ARM assembler in Raspberry Pi

In this chapter we will delve a bit more into the stack.

Local data

Most of our examples involving data stored in memory (in contrast to data stored in registers) have used global variables. Global variables are global names, i.e. addresses of the memory that we use through labels. These addresses, somehow, pre-exist before the program runs. This is because we define them when defining the program itself.

Sometimes, though, we may want data stored in memory the existence of which is not tied to the program existence but to the dynamic activation of a function. You may recall from previous chapters, that the stack allows us to store data the lifetime of which is the same as the dynamic activation of a function. This is where we will store local variables, which in contrast to global variables, only exist because the function they belong has been dynamically activated (i.e. called/invoked).
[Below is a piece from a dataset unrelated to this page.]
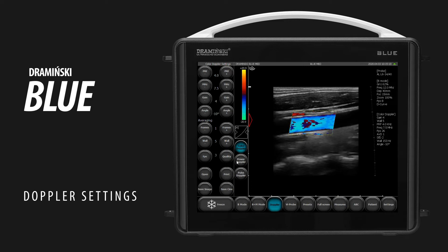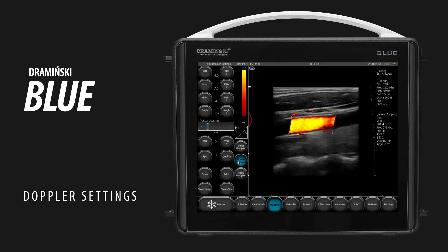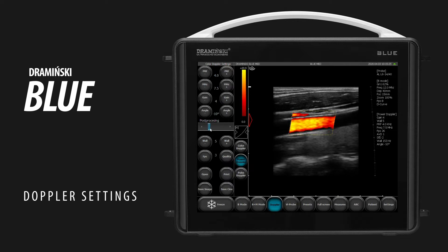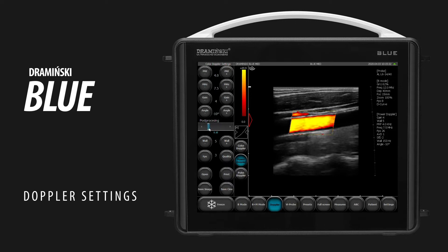Tap the Power Doppler button to turn it on. Use the Post Processing slider to adjust the frame averaging and resolution of the color. Other adjustments are the same as for the color Doppler.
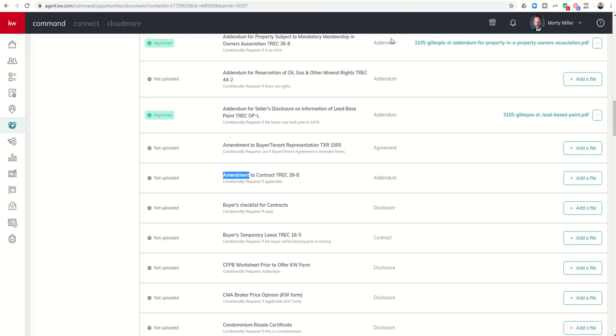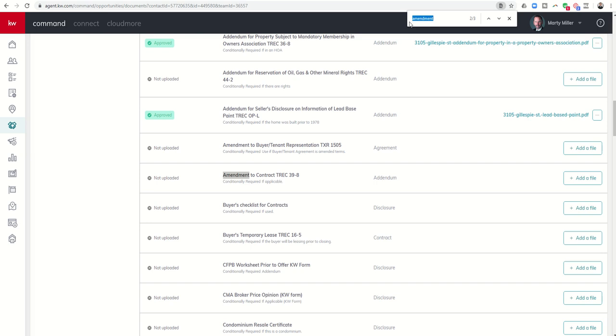So just kind of a quick and easy way, if you're just looking for one specific placeholder in which to upload a document to within your opportunities, hold down Ctrl, click F, get the search box, and then type in whatever you're looking for with regards to that placeholder.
In chapter 17 we passed a very big array through the stack in order to pass the array by value. This will lead us to the conclusion that, somehow, parameters act as local data, in particular when they are passed through the stack.

The frame pointer

In ARM, we have plenty of general-purpose registers (up to 16, albeit some of them with very narrow semantics, so actually about 12 are actually useable as general-purpose) and the AAPCS forces us to use registers for the 4 first parameters (r0 to r3, note how this is consistent with the fact that these 4 registers are caller-saved while all other registers are callee-saved). Other architectures, like 386, have a lower number of general purpose registers (about 6) and the usual approach when passing data to functions always involves the stack. This is so because with such a small number of registers, passing parameters through registers, would force the caller to save them, usually in the stack or some other memory, which in turn will usually require at least another register for indexing! By using the stack a few more registers are easily available.
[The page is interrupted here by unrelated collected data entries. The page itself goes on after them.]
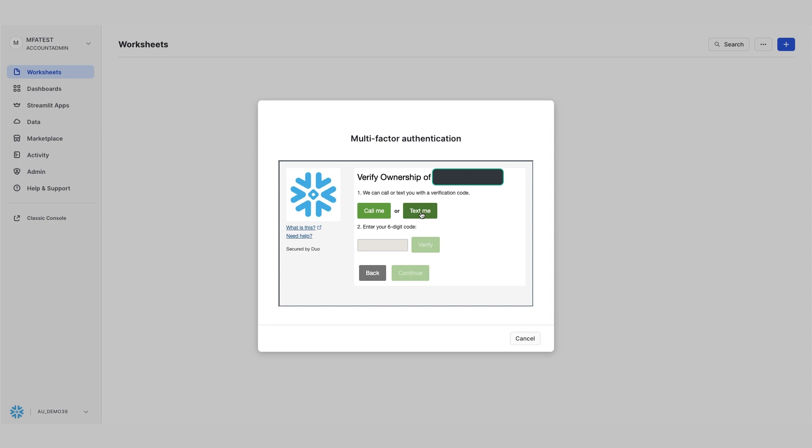I can choose whether or not it calls me or texts me a message. I clicked on text, and so I'm going to use my mobile phone now to confirm the number.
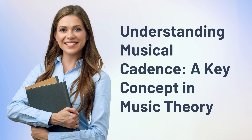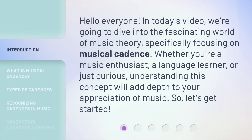Understanding Musical Cadence — a key concept in music theory. In today's video, we're going to dive into the fascinating world of music theory, specifically focusing on musical cadence.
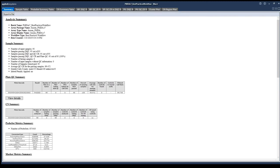First, in the summary tab, we see that the array plate shows passed for the result in the plate QC summary. This is important, since if a plate showed a failing result here, we would likely not recommend that this plate be used in the later copy number discovery workflow. For a plate to pass, it must have an average call rate across all passing samples of greater than 98.5. Now let's look at the sample table to review some of the other metrics.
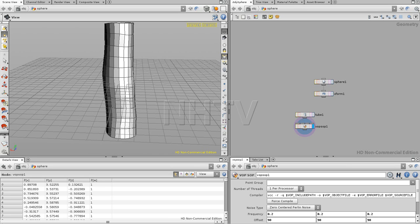Welcome to this second part of the session. In here we're going to start creating some UVs. We want to avoid creating procedural geometry without any UVs because then it has not much use. So, how can we create our procedural UVs?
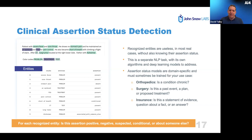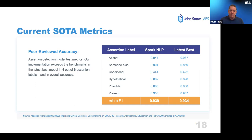The goal of clinical assertion status detection is to determine, once you have an entity, what are we asserting about it — does the patient have it, not have it, had it ten years ago, someone else had it, or we still suspect it? On the main academic benchmark used for assertion status, we've recently achieved new state-of-the-art accuracy. Just like NER, this is a production-grade, widely deployed model.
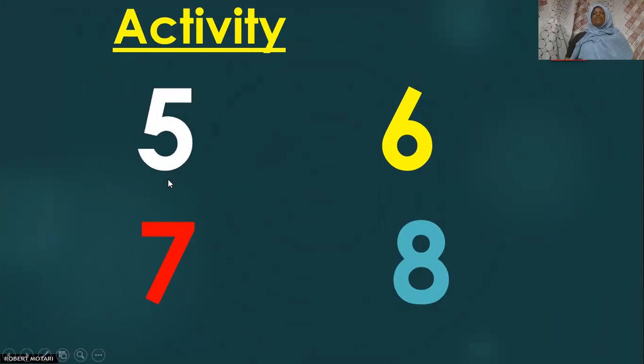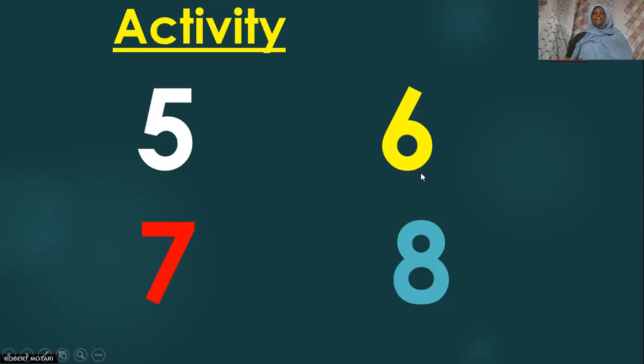Number six. Number six, yellow in color.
Up to this point one might wonder why we don't always pass everything through the stack and forget about registers r0 to r3. Well, passing through registers is going to be faster as we do not have to mess with loads and stores in the memory. In addition, most functions receive just a few parameters, or at least not much more than 4, so it makes sense to exploit this feature.

But then a problem arises, what if we are passing parameters through the stack and at the same time we have local variables. Both entities will be stored in the stack. How can we deal with the two sources of data which happen to be stored in the same memory area?

Here is where the concept of frame pointer appears. A frame pointer is a sort of marker in the stack that we will use to tell apart local variables from parameters. I want to emphasize the fact that a frame register is almost always unnecessary and one can always devise ways to avoid it. That said, a frame pointer gives us a consistent solution to access local data and parameters in the stack. Of course, most good things come with a price, and the frame pointer is not an exception: we need to use a register for it. Sometimes this restriction may be unacceptable so we can, almost always, get rid of the frame pointer.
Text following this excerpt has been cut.